How is this logical? If the elderly need AC, we could restrict the sale of AC to the elderly? That could be one of the restrictions?
Also, there are real alternatives to conventional AC, which no one seems to consider. One is using cold tap water and blowing air across it, heating it. If this is done at a high enough volume of air over time, significant cooling can be achieved for no more power than the cost of running a fan (i.e. much less than an AC unit).
Energy efficiency
The elusive negawatt
May 8th 2008
From The Economist print edition
If energy conservation both saves money and is good for the planet, why don’t people do more of it?
Energy-efficient technologies are cost-effective now, but the market is set up to discourage efficiency.

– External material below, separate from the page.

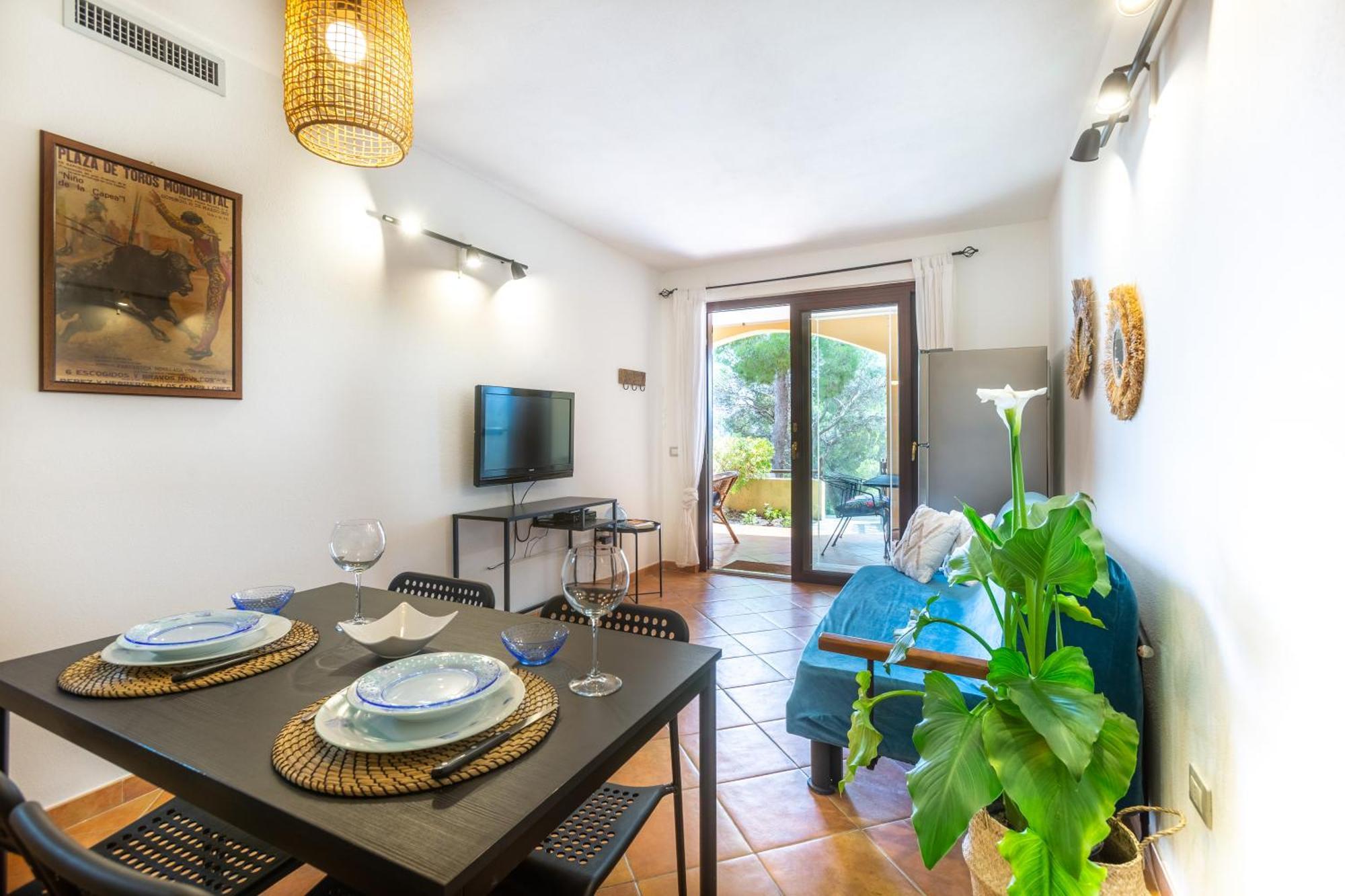 Aetos Home With Shared Swimming Pool - Porto Pino Hill Экстерьер фото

In most places, the more electricity a utility sells, the more money it makes. If it’s able to boost electricity demand enough, the utility is allowed to build a new power plant with a guaranteed profit. The only way a typical utility can lose money is if demand drops. So the last thing most utilities want to do is seriously push strategies that save energy, strategies that do not pollute in the first place.
If we want aggressive deployment of energy efficiency, we need to do what California did decades ago–adopt regulations so that utility company profits are not tied to how much electricity they sell. This is called “decoupling.” It also allows utilities to take a share of any energy savings they help consumers and businesses achieve.
Since California utilities can make money when their customers save money, energy-efficiency investments are on the same competitive playing field as new generation. In the past three decades, electricity consumption per capita grew 60% in the rest of the nation, while it stayed flat in high-tech, fast-growing California.1 If the entire nation had California’s much cleaner electric grid, we would cut total American global-warming pollution by more than a quarter without raising American electric bills.
A new report on energy efficiency from the consulting firm McKinsey found that the United States could save $1.2 trillion through 2020, by investing $520 billion in improvements like sealing leaky building ducts and replacing inefficient household appliances with new, energy-saving models.
That investment would cut the country’s projected energy use in 2020 by about 23 percent — a savings that would be “greater than the total of energy consumption of Canada,” said Ken Ostrowski, a senior partner in McKinsey’s Atlanta office, at a press event in Washington this morning. It would also more than offset the expected growth in energy use that would be expected otherwise in the United States.